An increased number of buy-to-let loans are being taken out – counteracting the trend of landlords leaving the sector, analysis from mortgage advisor Alexander Hall has revealed.
There were some 52,648 buy-to-let loans issued during the final three months of 2024, marking a 7.7% increase on the previous quarter and the highest total seen since the start of 2023.
Whilst this increase in new loan activity was largely driven by existing investors looking to remortgage, accounting for 62.4% of all new loans issued, 34.7% came via new rental property purchases, up from 33% the previous year.
In 2025 Alexander Hall predicted the number of buy-to-let loans issued remaining above 50,000.
During Q4 2024, the average rate sat at 4.28%, down from 4.40% the previous quarter and from 5.59% versus the year before (Q4 2023).

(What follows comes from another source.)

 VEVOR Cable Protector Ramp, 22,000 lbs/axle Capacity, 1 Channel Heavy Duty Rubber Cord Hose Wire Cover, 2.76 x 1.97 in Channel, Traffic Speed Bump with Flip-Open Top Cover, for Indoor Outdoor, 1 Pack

Stephanie Daley, director of partnerships at mortgage advisor, Alexander Hall, said: “The number of buy-to-let loans issued and the value of these loans has increased substantially over the course of last year, with continued growth forecast for 2025.
“This increase in buy-to-let investor activity is being largely driven by those looking to remortgage, but we’ve also seen an increase in new investment and it’s clear that the improvements to buy-to-let mortgage rates are helping to drive confidence across the sector.”